First, you’re gonna need a PCB document.

• Open the Projects Panel (Panels → Projects), right click on the project title (CUSTOM_RPI_DEBUG.PrjPcb), and select “Add New To Project”. Select “PCB” from the dropdown.

• This should open a new tab with a big, empty black box. This black box is the default 6” x 4” PCB outline. Before you make changes, go ahead and CTRL+S to save your PCB file, and give it a fitting name. If in doubt, PROJECT_NAME.PcbDoc will do.

• Next step is setting up component layer pairs, just as you would when making a footprint. Go to Panels → View Configuration to see the layers of the board. Right click on “Component Layer Pairs,” and select “Add Component Layer Pair”. Do this for each of the four required layer pairs (Assembly, Component Outline, Component Center, and Courtyard), as defined in the Vault Guidelines.

• Open Design → Layer Stack Manager

• A new tab should open as shown to the right. This tab shows all the layers which will make up the PCB, which is by default a 2-layer board

• The outermost green layers are the overlay (silkscreen) layers, the inner green layers are solder mask layers, the two orange layers are the copper layers, and the brown layer is the dielectric (insulator). The material of the dielectric is set to FR-4 fiberglass, which is the standard dielectric used in PCB cores.

• Depending on the complexity of your board, you may need more than two layers. To add copper layers, click on the cell labelled “Top Layer,” Click the “+ Add” button, and click OK with the default settings shown at right. Congratulations, you now have a 4-layer board! Note that all changes to the stack manager occur symmetrically: Adding a copper layer above the core will add a second layer below the core.

• Next, you’ll want to verify the layer Types and Weights of each copper layer.

  • “Type” is either signal or plane - A signal layer is generally used for routing traces, while a plane layer is a giant sheet of copper that helps bring power or ground to different parts of the PCB

  • The weight of a copper layer is synonymous with thickness. Typically this is left at 1oz, but doubling it to 2oz means that you can force twice the current through every trace, which is useful for keeping trace widths small on high current boards.

• Since my board uses USB, which requires controlled impedance, I’ll use a 4-layer stack-up with planes as the inner layers (see the next section).
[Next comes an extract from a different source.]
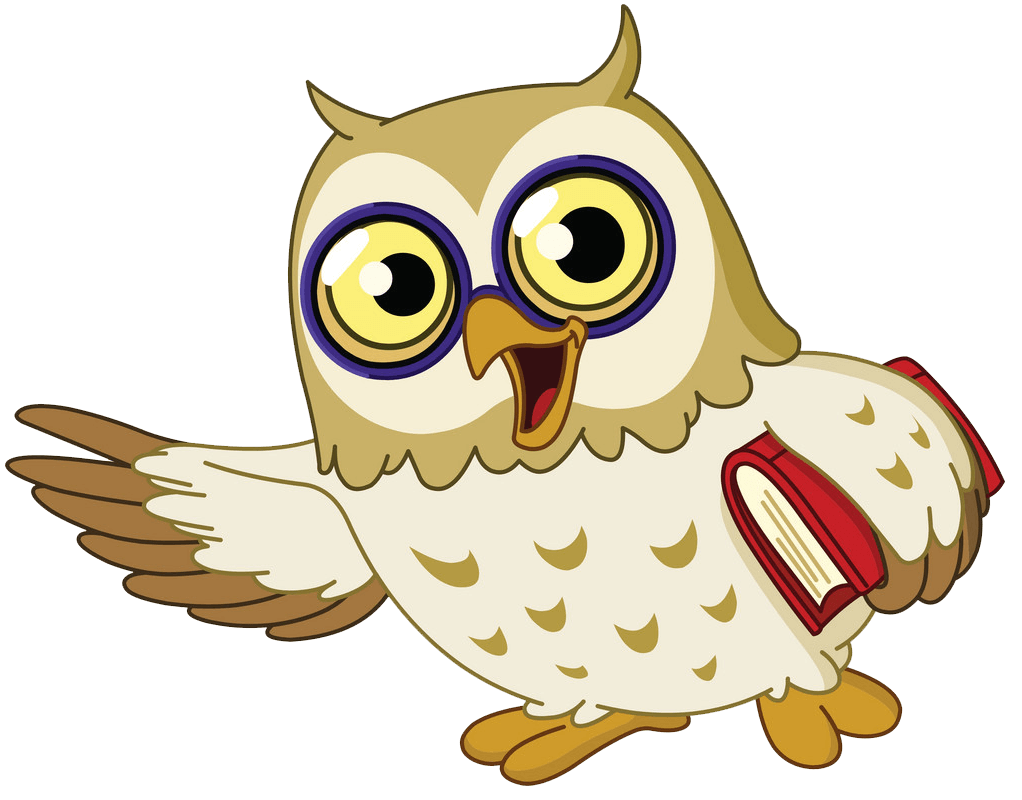 Happy Owl clipart transparent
Since the board is entirely low current, I’ll stick to 1oz copper layers.

• If planning on ordering the board for JLCPCB (includes most boards), refer to this page for impedance profile information: Controlled Impedance PCB Layer Stackup- JLCPCB

• Scroll down to the section that applies to the layer count of your board, and use the stack-up data for the first controlled impedance option which appears under “No Requirement Stackup”. I’m planning on doing 4-layers for the RPi debug board, so I’ll follow the JLC04161H-7628 spec. For 6-layer boards, follow the JLC06161H-3313 spec.
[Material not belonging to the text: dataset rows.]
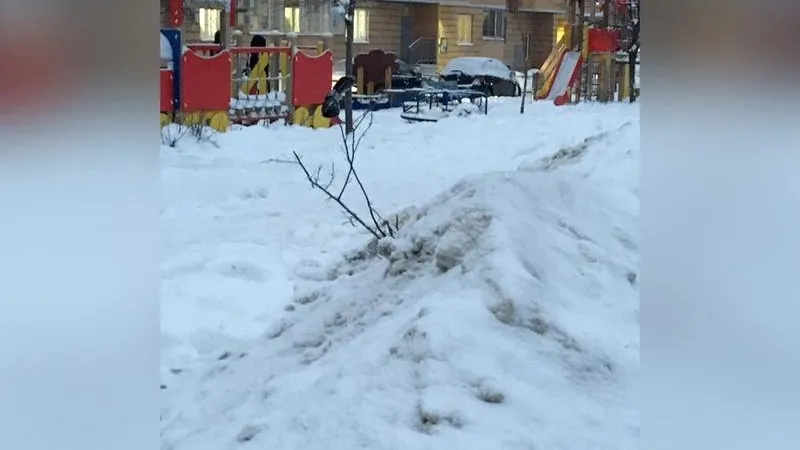 Жители Лосино-Петровского объявили войну вандалам-коммунальщикам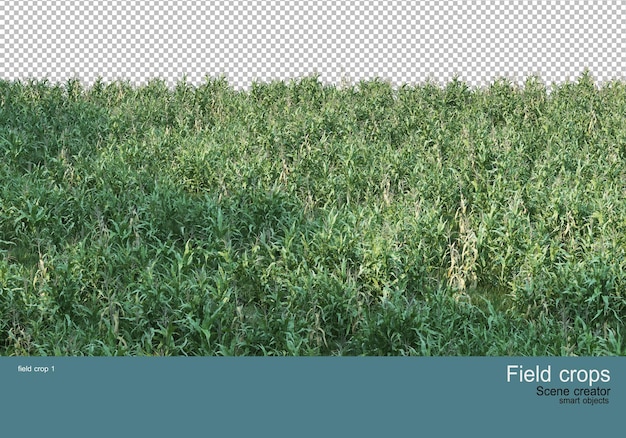 View of beautiful various crops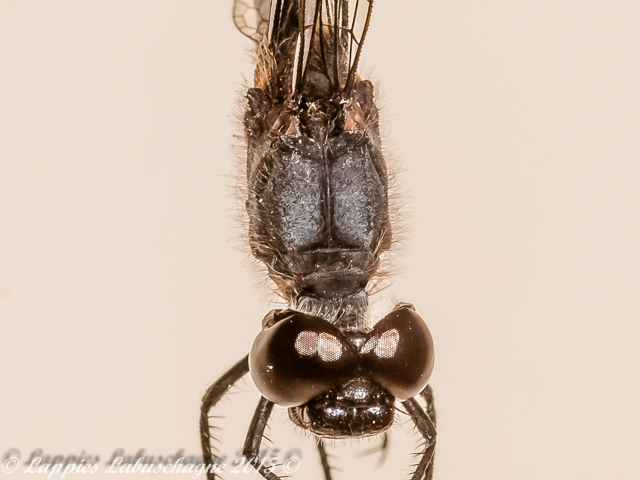 Diplacodes pumila Dwarf Percher Male Thorax Dorsdal View Diplacodes pumila Dwarf Percher Swartfontein MP RSA Jul 2015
• Be sure to select the proper thickness and copper weight settings! You can leave the default thickness setting, but set the copper weights to match your board stack-up.

• Go back to the Layer Stack Manager in Altium, and enter the appropriate thicknesses for each layer. If it displays in units of mils instead of mm, press “q” while in the .PcbDoc to switch units.

• Click on the icon with 3 dots in the “Material” cell for the top dielectric layer. Scroll down the material list until you see a number in the “constructions” column that matches the last 4 digits of the impedance spec (in my case 7628). Then, select the material with that construction number which most closely matches the upper dielectric layer in thickness (in my case this is PP-022, with a thickness of 0.20828mm).

• Switch to the Impedance tab (bottom left corner of the window). Click the “+ Add” button at the top left of the window. Open the properties panel if not already open (panels → properties). Verify that the Impedance profile says type Single, 50 for target impedance, and 10% for target tolerance. Note that the desired single-ended impedance varies in different contexts, but that 50 ohms is a good baseline.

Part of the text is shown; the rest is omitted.